Bastien ne regrette pas son choix. Écrire et réaliser Sortie 67 lui a permis de canaliser sa colère, mais aussi de prendre pleine conscience des problèmes qui affligent Montréal-Nord. N’ayant lui-même jamais frayé avec cette faune, il a fait ses recherches sur le terrain et rencontré toutes sortes de gens – délinquants, victimes, habitants du quartier – qui lui ont apporté un nouvel éclairage sur le milieu des gangs.


Avec un peu de chance, il espère que son film provoquera la discussion et rouvrira le débat. «C’est absurde, la façon dont les médias déshumanisent ces jeunes, lance le réalisateur. On réduit trop souvent cette violence à une histoire de culture et de race. Mais c’est une erreur. Catégoriser la violence, c’est une vision qui vient de l’ignorance.»

Ouvrir une porte


On sait peu de choses de ce long métrage tourné avec l’aide de Téléfilm et de la SODEC, qui ne sortira officiellement qu’à l’automne et dont on ne verra qu’une copie de travail. Mais on raconte entre les branches que la distribution est phénoménale. Tous les acteurs sont de purs inconnus recrutés dans les écoles de théâtre, qui gagnent actuellement leur vie en travaillant dans le télémarketing.
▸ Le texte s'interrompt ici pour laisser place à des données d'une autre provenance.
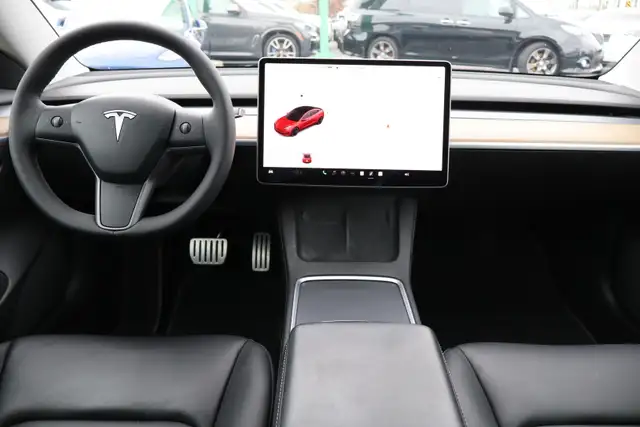 2022 Tesla Model 3 - Photo 11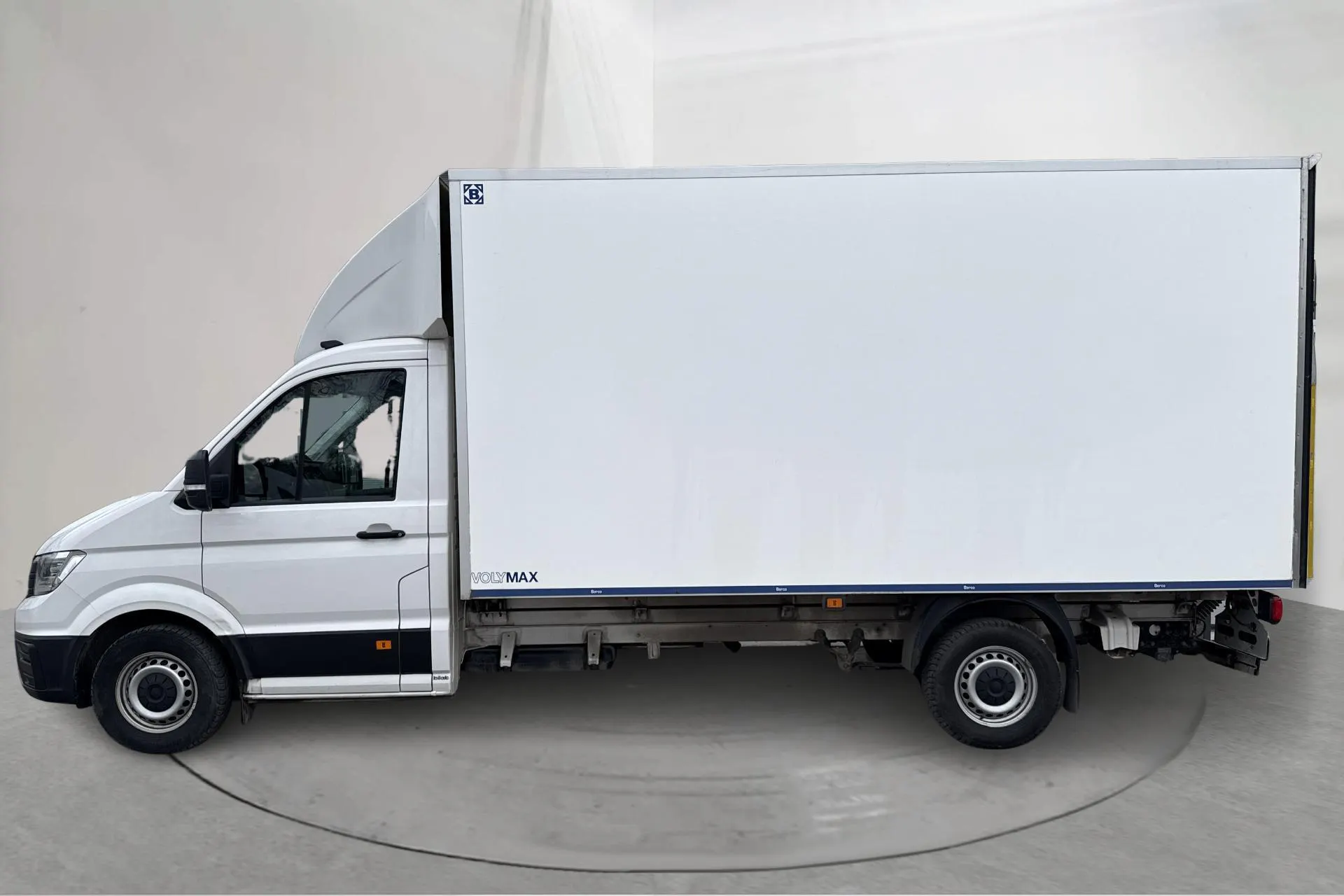 Presentation photo 2 of 19: VW Crafter 35 2.0 TDI Chassi (177hk) - 68 450 km - Automatic - white - 2021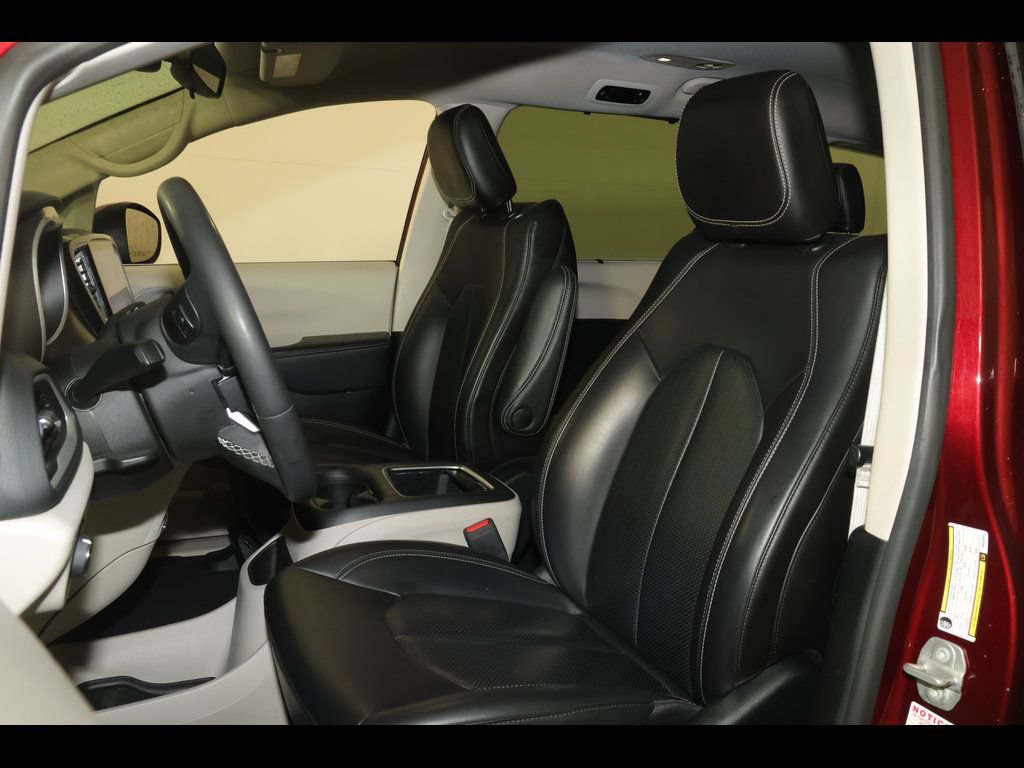 Used 2023 Chrysler Pacifica Touring-L FWD image 23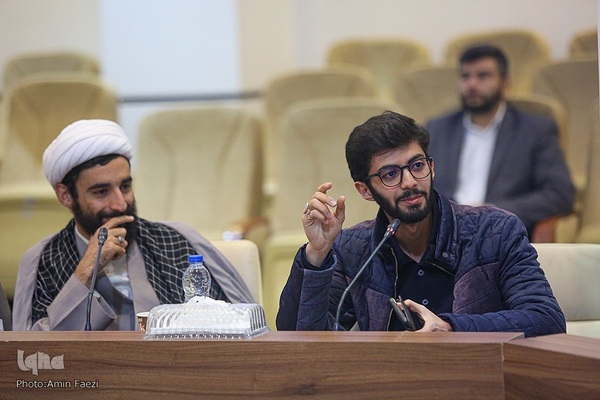 کرسی آزاد اندیشی راهکارهای وحدت حوزه و دانشگاه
Si certains se plaignent du manque de minorités visibles au grand écran, ils en auront pour leur argent. Construit sur des rythmes hip-hop (la musique fut en grande partie composée par Bastien lui-même), Sortie 67 est un film «black» mur à mur, qui confirme l’émergence d’une nouvelle génération de comédiens d’origine haïtienne. Sans trop vouloir se prononcer sur la question, le cinéaste croit que son film ouvre une porte: «Après cela, on ne pourra pas dire qu’il n’y a pas de talent dans la communauté», lance-t-il.


Arrivé d’Haïti au début des années 80, Jephté Bastien est lui-même peu connu au Québec. Il a pourtant derrière lui un parcours bien rempli, qui l’a mené de Montréal à Los Angeles, à Miami, en passant par les écoles de cinéma new-yorkaises et le milieu de la télévision en France.


Au début des années 90, il a lancé deux albums de pop et de musique kompa qui n’ont pas vraiment marché. Devenu monteur et réalisateur, il a notamment participé à un clip de Garou (Dieu que le monde est injuste), avant de filer à Paris où il a fait alterner projets documentaires et alimentaires.


Revenu au Québec en 2004, il ose croire que Sortie 67 lui permettra d’imposer sa signature. «C’est un milieu où il est très difficile de faire son chemin, et pas juste pour les "blacks", conclut-il. Mais ce projet est vraiment sorti de mes tripes. C’est un film sans compromis, qui montre ce que je peux vraiment faire comme artiste.»